Roy Webb

 Roy Webb was born in New York City on October 3, 1888, and while he was a student at Columbia University he composed their fight song, “Roar, Lion, Roar.”  He enlisted in the Navy for WWI, and was attending officers’ school when armistice was signed.  In New York, Webb was a musical director and arranger of musicals, including those of Rodgers and Hart.  He had already worked on many films before he received his first screen credit in 1933. Webb spent almost his entire film career working for RKO, from the early thirties until the mid-fifties, although he often wrote on his piano at his Westwood home.  The composer liked automobiles and golf, and spent some of his summers at Nantucket Island off Cape Cod.  He was a charter member and treasurer of the Screen Composer’s Association and was a co-founder of ASCAP. 

Webb worked on over 300 films, and his music can be heard in a wide range of pictures, including Abe Lincoln in Illinois, The Body Snatcher, Bringing Up Baby, The Curse of the Cat People, Cockeyed Cavaliers, Dick Tracy, The Falcon in San Francisco, Houdini, I Walked With a Zombie, Kitty Foyle, The Last Days of Pompeii, The Locket, Mr.
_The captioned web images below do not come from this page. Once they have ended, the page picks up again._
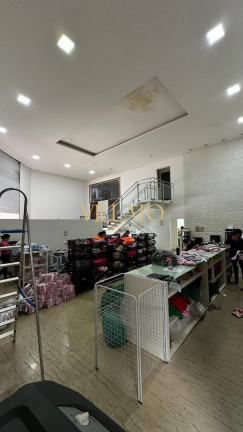 Imagem Galpão à Venda, 375 m² em Setor Coimbra - Goiânia Imagem Galpão à Venda, 375 m² em Setor Coimbra - Goiânia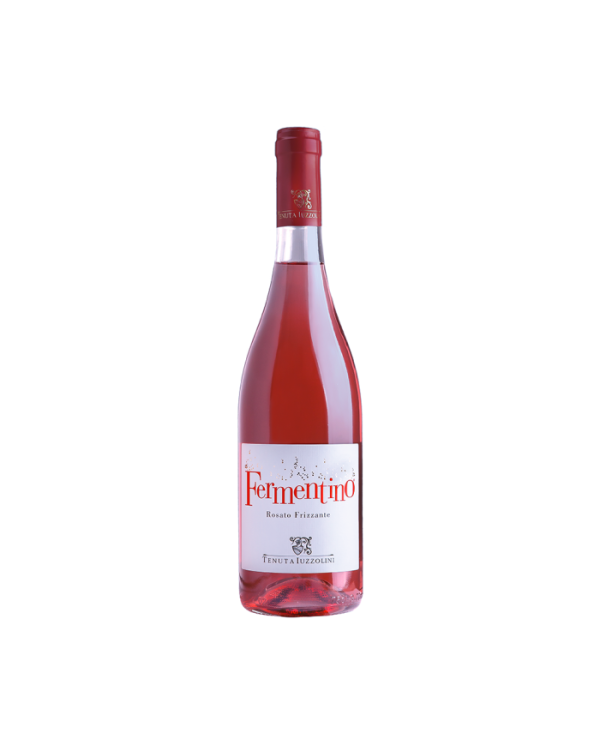 Vini Rosè  Fermentino Rosato 2024 - Tenuta Iuzzolini 8,52 â‚¬ Vini Rosè  Fermentino Rosato 2024 - Tenuta Iuzzolini 8,52 â‚¬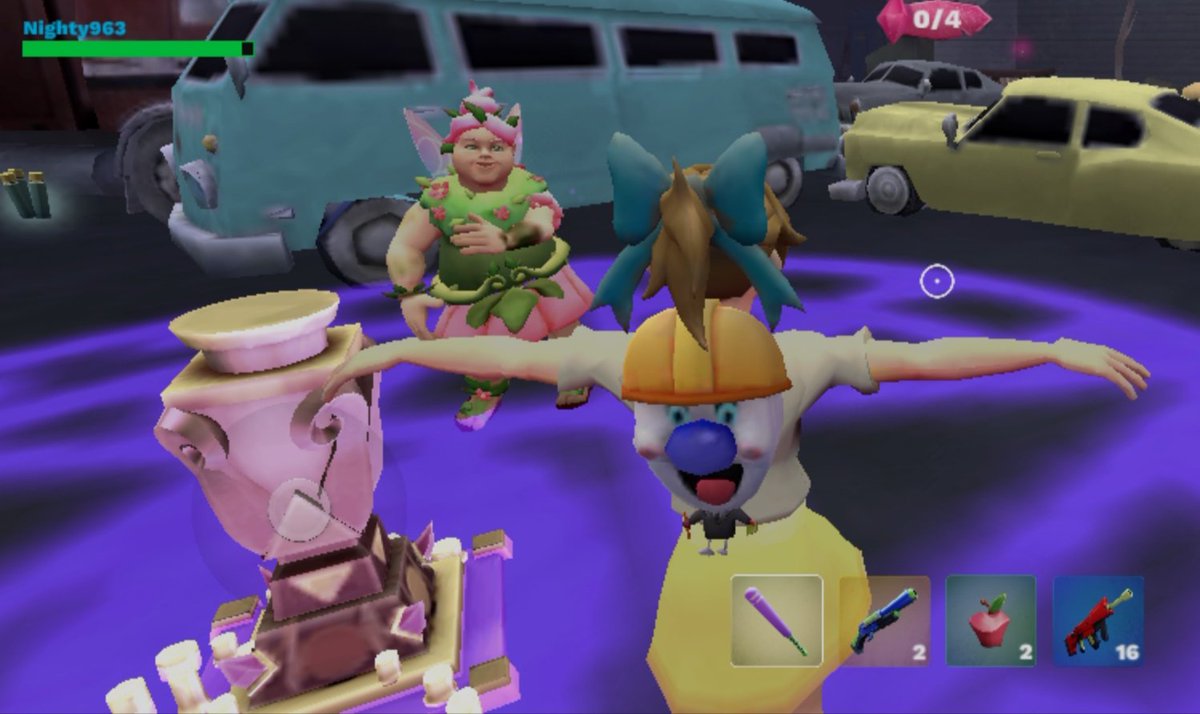 Agus || 7⃣7⃣7⃣ tweet media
Lucky, Mummy’s Boys, Notorious, Out of the Past, Professional Sweetheart, The Spiral Staircase, The Stranger on the Third Floor, Sylvia Scarlett, Teacher’s Pet, Top Secret Affair, The Window, and Zombies on Broadway.  Webb was nominated for Oscars® for The Enchanted Cottage, The Fallen Sparrow, The Fighting Seabees, I Married a Witch, Joan of Paris, My Favorite Wife, and Quality Street.  Some of his television work was for Wagon Train and 77 Sunset Strip.  He retired in 1958, and died on December 10, 1982 at St. John’s Hospital in Santa Monica, California.